### PROBLEM DESCRIPTION
Return the lines of the data below, from the one containing "OGAH AJUKAN RJ" through the very last, exactly and with both ends included; no pictures.

### DATA SECTION
###

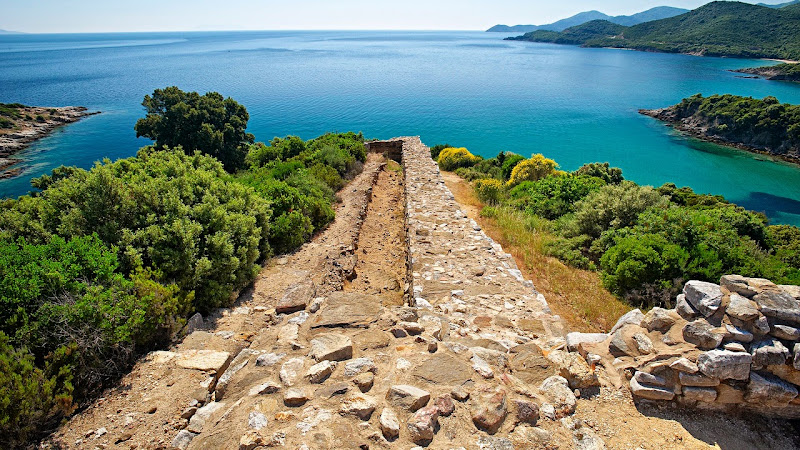 The Wise Side of Greece — Aristotle’s Trail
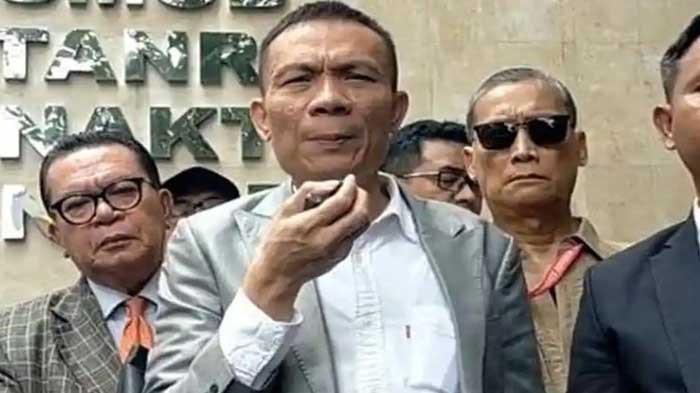 OGAH AJUKAN RJ - Rismon Sianipar saat ditemui setelah diperiksa di Polda Metro Jaya, Jakarta Selatan, Kamis (13/11/2025). Rismon baru-baru ini mengungkap alasannya tak mau mengajukan Restorative Justice seperti Eggi Sudjana dan Damai Hari.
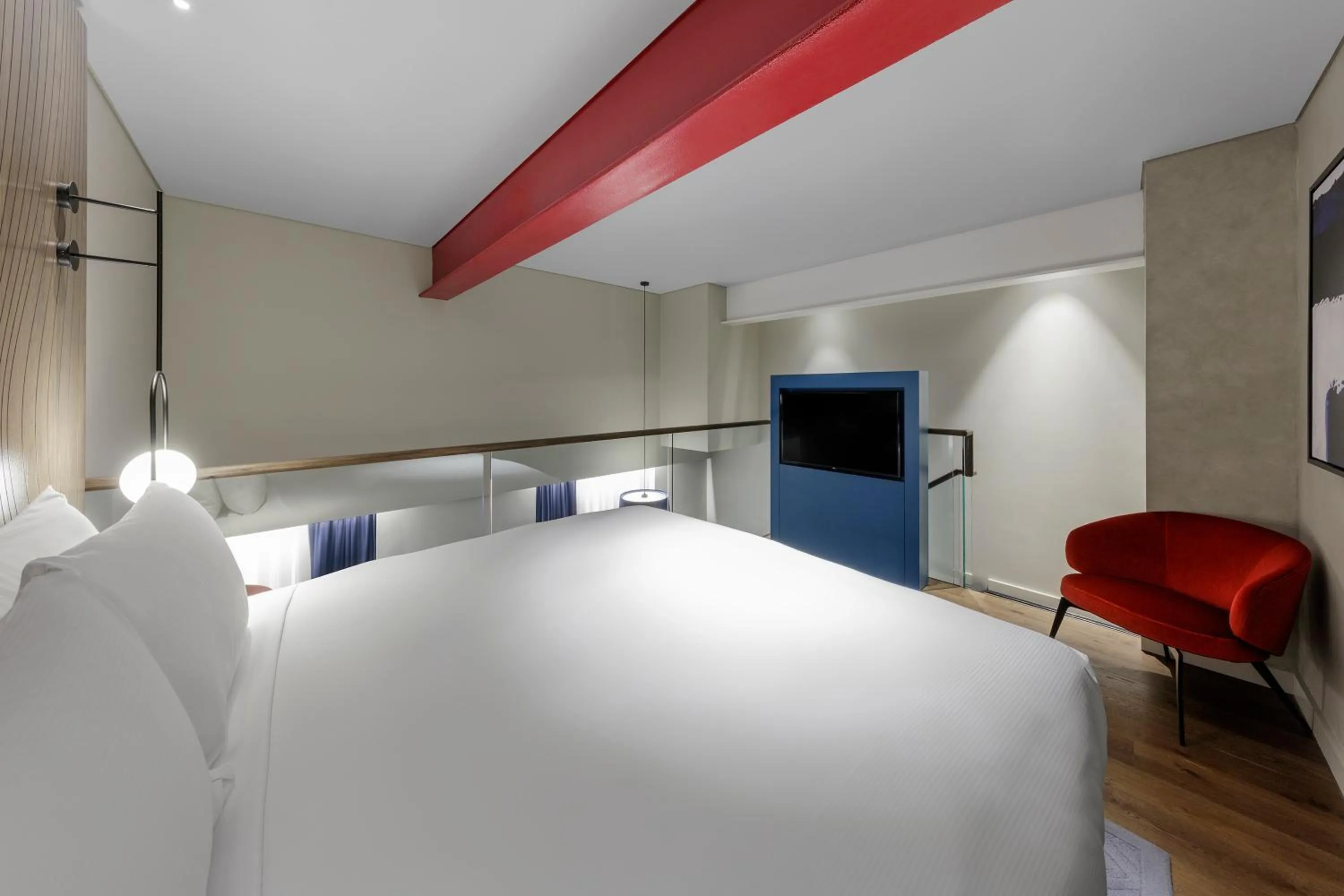 Bed in DoubleTree by Hilton Melbourne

###

### TASK OUTPUT
 OGAH AJUKAN RJ - Rismon Sianipar saat ditemui setelah diperiksa di Polda Metro Jaya, Jakarta Selatan, Kamis (13/11/2025). Rismon baru-baru ini mengungkap alasannya tak mau mengajukan Restorative Justice seperti Eggi Sudjana dan Damai Hari.
 Bed in DoubleTree by Hilton Melbourne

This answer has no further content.